Thanks for bringing this to our attention. I’ve started investigating this internally and will provide any updates here.

Is there any more detail you can provide from the error messages? Perhaps, running the command with curl -vvv to see more details.

4 Likes

I’m seeing about 1k ECONNRESET type errors per hours. We’re provisioning around 25k certificates per day. We are still getting a lot of successful requests.

Last one was at Oct 2nd, 17:26:10 UTC. We’re requesting from Google Cloud.

3 Likes

Just a quick update. I’ve been reviewing logs and data and I’m getting close to a root cause.
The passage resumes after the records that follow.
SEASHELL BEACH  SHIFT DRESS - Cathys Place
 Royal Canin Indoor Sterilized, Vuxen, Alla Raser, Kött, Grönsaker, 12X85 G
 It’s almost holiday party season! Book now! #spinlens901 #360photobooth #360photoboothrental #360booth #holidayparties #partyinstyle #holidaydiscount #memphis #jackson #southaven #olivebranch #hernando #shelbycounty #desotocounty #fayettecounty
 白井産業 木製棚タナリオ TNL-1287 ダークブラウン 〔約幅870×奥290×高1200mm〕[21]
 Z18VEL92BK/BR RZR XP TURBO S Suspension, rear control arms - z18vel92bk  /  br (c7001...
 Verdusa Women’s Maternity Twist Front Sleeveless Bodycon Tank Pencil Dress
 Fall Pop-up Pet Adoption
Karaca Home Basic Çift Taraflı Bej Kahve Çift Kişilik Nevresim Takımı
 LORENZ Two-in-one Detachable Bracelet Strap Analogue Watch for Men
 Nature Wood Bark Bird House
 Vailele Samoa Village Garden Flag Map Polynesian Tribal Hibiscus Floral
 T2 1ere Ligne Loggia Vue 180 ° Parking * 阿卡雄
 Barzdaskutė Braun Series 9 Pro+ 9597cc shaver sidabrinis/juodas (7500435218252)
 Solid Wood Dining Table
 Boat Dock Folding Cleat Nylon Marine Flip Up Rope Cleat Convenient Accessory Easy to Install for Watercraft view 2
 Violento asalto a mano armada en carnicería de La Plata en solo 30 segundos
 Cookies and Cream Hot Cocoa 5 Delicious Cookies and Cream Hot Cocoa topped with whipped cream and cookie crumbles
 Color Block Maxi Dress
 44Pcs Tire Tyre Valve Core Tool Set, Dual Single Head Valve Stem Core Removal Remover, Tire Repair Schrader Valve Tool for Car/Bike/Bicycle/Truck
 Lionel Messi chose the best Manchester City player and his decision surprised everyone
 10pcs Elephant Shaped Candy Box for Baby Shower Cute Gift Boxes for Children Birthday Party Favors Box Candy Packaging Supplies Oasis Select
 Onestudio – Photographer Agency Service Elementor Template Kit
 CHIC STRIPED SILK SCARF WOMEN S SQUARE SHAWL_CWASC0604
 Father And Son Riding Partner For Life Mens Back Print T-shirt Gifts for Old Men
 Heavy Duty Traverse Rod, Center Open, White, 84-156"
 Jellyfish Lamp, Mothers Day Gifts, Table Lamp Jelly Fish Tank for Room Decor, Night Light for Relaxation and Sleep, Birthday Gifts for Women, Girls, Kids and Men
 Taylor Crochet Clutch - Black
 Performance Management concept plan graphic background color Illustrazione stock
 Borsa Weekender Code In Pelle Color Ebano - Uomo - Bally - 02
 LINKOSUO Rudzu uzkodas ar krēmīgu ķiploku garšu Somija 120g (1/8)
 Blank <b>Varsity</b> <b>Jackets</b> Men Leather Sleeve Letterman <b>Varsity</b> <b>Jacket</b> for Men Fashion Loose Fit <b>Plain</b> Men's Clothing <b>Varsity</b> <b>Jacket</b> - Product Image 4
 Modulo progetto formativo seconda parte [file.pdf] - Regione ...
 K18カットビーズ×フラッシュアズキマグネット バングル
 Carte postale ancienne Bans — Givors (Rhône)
Thanks for your patience while we continue investigating.

4 Likes

@jillian was out of Office yesterday, but as you are getting close to the root cause I guess you don’t need any more verbose Logs anymore?
If we can do anything further to help you hunting down this nasty thing just drop me a line! :wink:

The problem doesn’t seem to only happen with curl: I’ve been having errors from my daily certbot cron for the last 3 days:

(timezone in the log below is UTC)

2019-10-05 00:45:09,509:DEBUG:requests.packages.urllib3.connectionpool:Starting new HTTPS connection (1): acme-v02.api.letsencrypt.org
2019-10-05 00:45:25,065:DEBUG:certbot.log:Exiting abnormally:
An unexpected error occurred:
Traceback (most recent call last):
  File "/usr/lib/python3/dist-packages/urllib3/contrib/pyopenssl.py", line 417, in wrap_socket
    cnx.do_handshake()
  File "/usr/lib/python3/dist-packages/OpenSSL/SSL.py", line 1426, in do_handshake
    self._raise_ssl_error(self._ssl, result)
  File "/usr/lib/python3/dist-packages/OpenSSL/SSL.py", line 1166, in _raise_ssl_error
    raise SysCallError(errno, errorcode.get(errno))
OpenSSL.SSL.SysCallError: (104, 'ECONNRESET')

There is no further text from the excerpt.